Such an original species of writing as that in which Andersen excelled does not burst full-blown upon the world. It is the result of many experiments, many accidents, even, perhaps, of some blunderings. Andersen did not set out deliberately to be a teller of fairy stories, much less did he expect or desire to be mainly known as the composer of these smaating, as he called them, of these trifles or bagatelles. He set out in life intending to be a serious poet, a writer of five-act dramas, a novelist of passion and society. Almost to the very last he persisted in believing that the critics and the public had made a mistake, and that his ambitious works, in the conventional branches of the profession, were what he would really live by. "Don't you think," he said to me in a sort of coaxing whisper, toward the very close of his life—"don't you think that people will really come back to 'The Two Baronesses' when these smaating have had their day?" "The Two Baronesses" is an old novel of Andersen's, which I had not read, so I could only bend my eyes politely. But that was in 1874, and people have neither come back to "The Two Baronesses" nor forgotten "The Ugly Duckling" and "The Snow Queen."

Unwilling as he was to admit it, however, Andersen could not fail to be aware that the Fairy Tales were his real possession and treasure-trove. In 1862 he deigned to recollect how these stories came into existence, and his notes,—which I do not happen to have seen translated or even referred to,—although tantalizingly scanty, are very valuable. He put back the germ of his fairy-story telling to the year 1829, when he published, along with a little collection of his poems, a tale in prose called "The Dead Man." This was a treatment of one of the disquieting, half-humorous, half-melancholy legends which Andersen had heard when in his childhood he haunted the Odense workhouse and its old women.
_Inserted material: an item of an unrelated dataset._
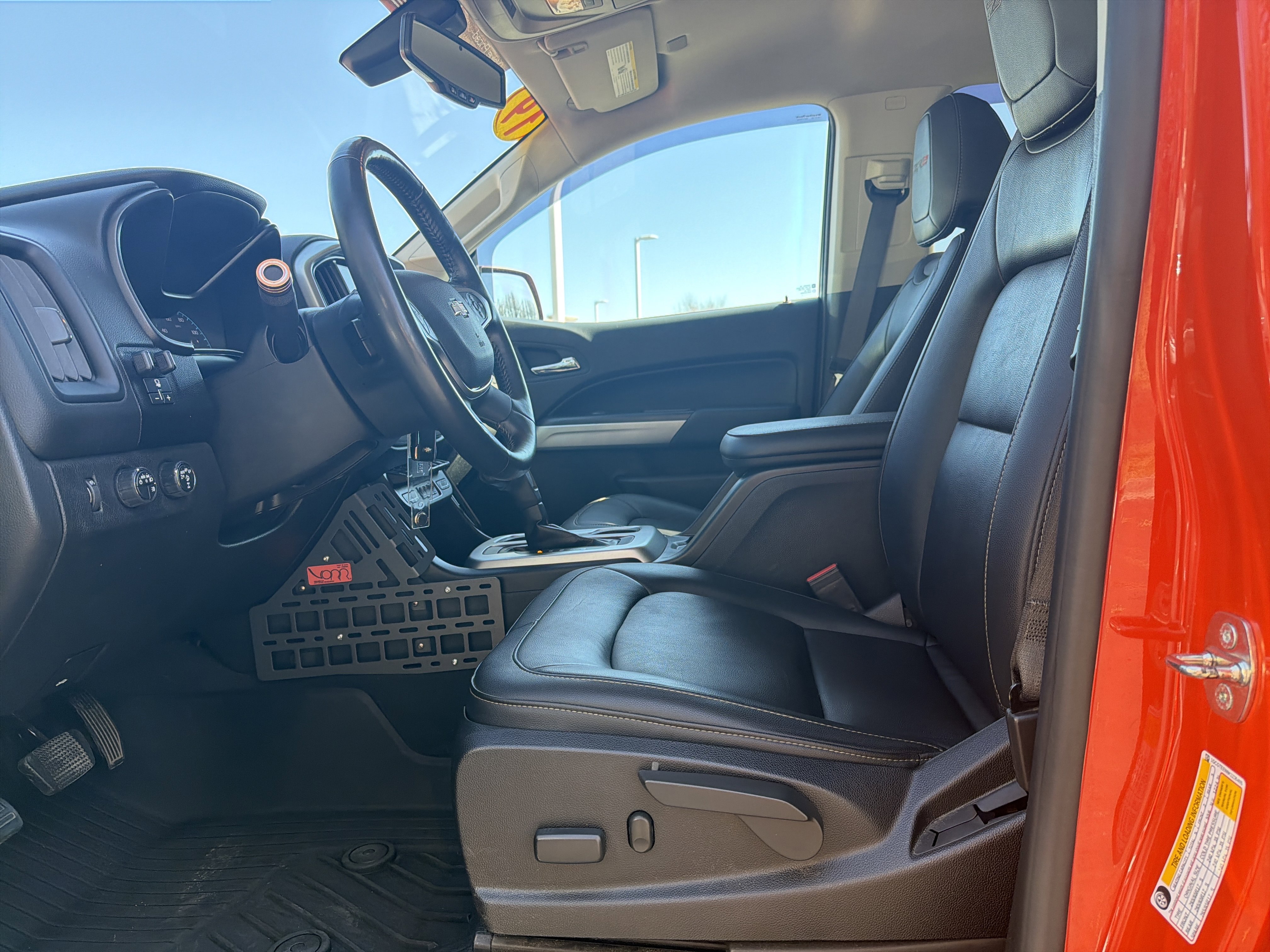 Used 2019 Chevrolet Colorado ZR2 w/ ZR2 Dusk Special Edition image 16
He deliberately tried to tell it in the tone of Musäus, a German author of the eighteenth century, who began by being an imitator of Richardson, and who ended as the first man to collect and retell, after a somewhat over-genteel fashion, the folk-tales of Germany. Musäus possessed no great talent, but it is interesting to see him, who set the Brothers Grimm and all the multitude of modern folk-lorists in motion on the one hand, giving the start-word in a very different direction to Andersen. For "The Dead Man" — which was quite a failure — was the story which, entirely rewritten, appeared in 1831 as "The Traveling Companion."

In Andersen's account of his journey in the Harz Mountains, published in 1831, there is to be found a story of an old king, who believed that he had never heard a lie, and therefore promised that the man who should first successfully tell him a falsehood should receive the princess, his daughter, and half his royal kingdom. Here the fairy-tale tone is clearly perceptible, but it has not yet discovered its form or its final character. But in 1835 there appeared a little pamphlet, — the originality and importance of which it would be difficult to appraise too highly, — "Fairy Tales Told for Children." This precious pamphlet of sixty-one pages contained four tales, "The Tinder-Box," "Little Claus and Big Claus," "The Princess and the Pea," and "Little Ida's Flowers." These four stories are included in the present collection, and the reader may find it interesting to detach these, with a view to observing what we may call Andersen's primitive manner in the evolution of a fairy tale.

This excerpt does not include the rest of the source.